At 2:37 p.m. on March 18, Petraeus asks Boot, “Does it help if folks know that I hosted Elie Wiesel and his wife at our quarters last Sun night?! And that I will be the speaker at the 65th anniversary of the liberation of the concentration camps in mid-Apr at the Capitol Dome [?]”
Eight minutes later, Boot responded, “No don't think that's relevant because you're not being accused of being anti-Semitic.”
That’s when a relieved Petraeus responds, “Roger! :-) “
Cozy Contacts
The e-mail exchange suggests a cozy relationship between Petraeus and Boot, who has often promoted the general in columns written for news outlets such as the Weekly Standard, Wall Street Journal and Los Angeles Times.
In one article co-authored by Boot and two other prominent neocons Frederick and Kimberly Kagan, the trio reveals that they were brought to Afghanistan in late winter 2009 by Petraeus when the U.S. military was trying to boost public support for a troop escalation of the war.
“Fears of impending disaster are hard to sustain, however, if you actually spend some time in Afghanistan, as we did recently at the invitation of General David Petraeus, chief of U.S. Central Command,” they wrote.

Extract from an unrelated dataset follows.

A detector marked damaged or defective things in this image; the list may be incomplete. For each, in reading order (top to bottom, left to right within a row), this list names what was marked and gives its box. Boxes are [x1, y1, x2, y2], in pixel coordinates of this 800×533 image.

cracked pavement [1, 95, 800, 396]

“Using helicopters, fixed-wing aircraft, and bone-jarring armored vehicles, we spent eight days traveling from the snow-capped peaks of Kunar province near the border with Pakistan in the east to the wind-blown deserts of Farah province in the west near the border with Iran. Along the way we talked with countless coalition soldiers, ranging from privates to a four-star general.”
Their extraordinary access paid dividends for Petraeus when they returned to the United States with a glowing report in the Weekly Standard about the prospects for success in Afghanistan – if only President Obama sent more troops and committed the United States to stay in the war for the long haul.

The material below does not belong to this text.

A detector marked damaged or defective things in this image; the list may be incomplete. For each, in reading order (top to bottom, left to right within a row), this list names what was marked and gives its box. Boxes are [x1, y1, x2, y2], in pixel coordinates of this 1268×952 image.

Boot himself is a staunch advocate for the so-called Long War against Islamic militants, arguing that the United States must curtail domestic programs, including health care, if necessary to sustain and expand the military budget so the projection of U.S. power around the globe can continue unabated.
“It will be increasingly hard to be globocop and nanny state at the same time,” Boot wrote last March 25 in a Wall Street Journal article opposing Obamacare. “Something will have to give.”
Imperialism’s Defender
But Boot clearly views U.S. military power in the world as what does not have “to give.”
His writings reflect an imperialist attitude that at times borders on racism. For instance, in a Jan 18 commentary as Haiti was reeling from a devastating earthquake, Boot wrote:
“Unfashionable though it may be to say so, some of Haiti's best years - the years when it was most free of violence and turmoil - were between 1915 and 1934, when the country was occupied by U.S. Marines. They did not run Haiti directly, but they provided support for local elites who with American backing were able to impose more stability and freedom than Haiti has enjoyed before or since.”
However, very few Haiti experts would agree that the nation, while under U.S. military occupation on behalf of a wealthy few, was any kind of testament to “freedom.” Further, the “stability” primarily benefited the light-skinned Haitian elite, in effect cementing the rigid class structure that has doomed Haiti’s democratic movements to violent resistance ever since.
But Boot goes even further in his malign neglect for the black Haitian majority.
“We desperately need a way to place dysfunctional countries like Haiti into international receivership,” Boot wrote. “Until such a mechanism is invented, it appears, alas, that Haiti will continue to experience more of the lawlessness and tragedy that have characterized its history ever since the establishment of a French slave regime in the 18th century.”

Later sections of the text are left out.